My understanding is that after the wars it was accepted that the completely unequal society wasn’t viable. Partly because, morally, it was understood that what was done after WW1 was unacceptable, where men who’d risked their lives over years of service, some being wounded or damaged, would come home & be made to stand in a queue for hours in the hope of a labouring job. More importantly, however, it was accepted that there was a v real risk of revolution at a time when Communist parties were enjoying electoral success throughout Europe.
Hence there was a general agreement to the Welfare State &, from 1946-1979 it was agreed. The only difference from Tory to Labour was tinkering… how much should be taken from the rich for the poor etc. Waugh fumed in ‘Brideshead revisited’.
That all changed with Thatcher & its remained changed.
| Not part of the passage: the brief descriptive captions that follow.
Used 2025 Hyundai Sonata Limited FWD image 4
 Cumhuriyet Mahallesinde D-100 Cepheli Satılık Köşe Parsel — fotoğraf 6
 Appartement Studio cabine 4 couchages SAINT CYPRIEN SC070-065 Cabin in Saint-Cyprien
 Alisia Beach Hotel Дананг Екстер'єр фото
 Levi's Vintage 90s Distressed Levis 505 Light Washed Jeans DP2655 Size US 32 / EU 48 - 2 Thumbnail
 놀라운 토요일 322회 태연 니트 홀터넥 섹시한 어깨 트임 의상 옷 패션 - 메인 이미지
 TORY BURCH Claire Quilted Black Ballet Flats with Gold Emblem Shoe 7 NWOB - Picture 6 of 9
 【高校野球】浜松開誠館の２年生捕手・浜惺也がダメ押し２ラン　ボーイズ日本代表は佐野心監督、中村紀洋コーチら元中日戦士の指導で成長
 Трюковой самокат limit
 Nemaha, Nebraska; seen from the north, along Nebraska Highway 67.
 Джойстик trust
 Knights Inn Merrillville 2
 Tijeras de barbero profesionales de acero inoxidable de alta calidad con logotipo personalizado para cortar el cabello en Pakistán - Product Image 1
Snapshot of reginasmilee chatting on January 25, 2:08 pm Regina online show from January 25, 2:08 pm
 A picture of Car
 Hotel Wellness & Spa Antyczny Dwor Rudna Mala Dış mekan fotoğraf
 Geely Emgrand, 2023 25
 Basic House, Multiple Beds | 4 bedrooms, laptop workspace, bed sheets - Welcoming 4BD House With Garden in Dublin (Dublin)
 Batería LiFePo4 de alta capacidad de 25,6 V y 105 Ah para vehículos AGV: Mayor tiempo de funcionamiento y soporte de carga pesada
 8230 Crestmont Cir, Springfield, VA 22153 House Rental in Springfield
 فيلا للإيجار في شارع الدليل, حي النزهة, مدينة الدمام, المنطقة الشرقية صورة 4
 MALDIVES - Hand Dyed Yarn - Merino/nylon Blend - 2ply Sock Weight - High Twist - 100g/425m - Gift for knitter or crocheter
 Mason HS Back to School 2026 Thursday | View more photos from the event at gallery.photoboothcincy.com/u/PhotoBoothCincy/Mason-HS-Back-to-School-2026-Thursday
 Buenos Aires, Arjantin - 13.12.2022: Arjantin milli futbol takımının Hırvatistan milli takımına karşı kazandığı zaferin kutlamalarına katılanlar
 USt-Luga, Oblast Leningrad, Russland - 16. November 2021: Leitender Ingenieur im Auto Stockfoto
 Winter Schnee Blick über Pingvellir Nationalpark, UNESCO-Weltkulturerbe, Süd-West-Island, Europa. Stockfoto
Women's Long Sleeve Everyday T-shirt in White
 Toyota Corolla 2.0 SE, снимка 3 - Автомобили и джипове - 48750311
Partly, I think, because of the influence of the “economics nerds” who dominate a lot of discussion & really shouldn’t because they know nothing of life outside an Economics textbook. Their economics doesn’t see an efficiency in a transfer of wealth from rich to poor, morality can’t be built into an algorithm & hence must be ignored as irrelevant, the threat of revolution is dismissed as minimal. From their perspective, there is NO reason for the rich not to own everything & for the poor to return to their position at the beginning of the industrial revolution when a man made but 3 journeys: work to home, home to work, home to grave.
How can plutonomy be compatible with democracy? Nobody has an answer to this question and yet so many so-called ‘democrats’ embrace the former with all the enthusiasm in the world. It’s sickening.
Goodness knows what Ed M is doing or thinks he’s doing, but my view is the Tories laid a trap, and he didn’t just fall into it – he ran headlong into it!
Instead of turning round and attacking the way the Tories have taken Danegeld from some odious business magnates, and in return put them in the Lords in the Cabinet, and passed the legislation their tainted money purchased for them, in stark contrast to the democratic basis of the money from the Unions – all subject to Conference voting, and individual member choice – Ed blunders and blusters, dancing to the corrupt tune of Progress and the Blairites, who ALWAYS wanted to sever the link.
A Labour Party without the Unions isn’t Hamlet without the ghost – it’s Hamlet without either the ghost OR Hamlet – to quote another Shakespeare play “a tale of sound and fury signifying nothing”. Hamlet needs both Prince and ghost to drive forward the drama and meaning of the play. So it is with Labour and the Unions – an essential dramatic interplay, driving forward progress (usually in a different direction fron the neo-liberal Progress).
If Labour breaks the link, or even weakens it, that’s it for me. The middle class have NEVER acknowledged how much they owe to working class sacrifice, and especially to Unions e.g. all the employment rights currently being torn uo by the Tories. Is it any wonder that Trade Unionists featured so prominently in Pastor Niemoller’s famous “first they came for ….” list?
Neuter the Unions, and tyranny will follow – and how the new serfs will come blubbing then: “why didn’t anyone tell us?” “Because you refused to listen!”, will be the only reply.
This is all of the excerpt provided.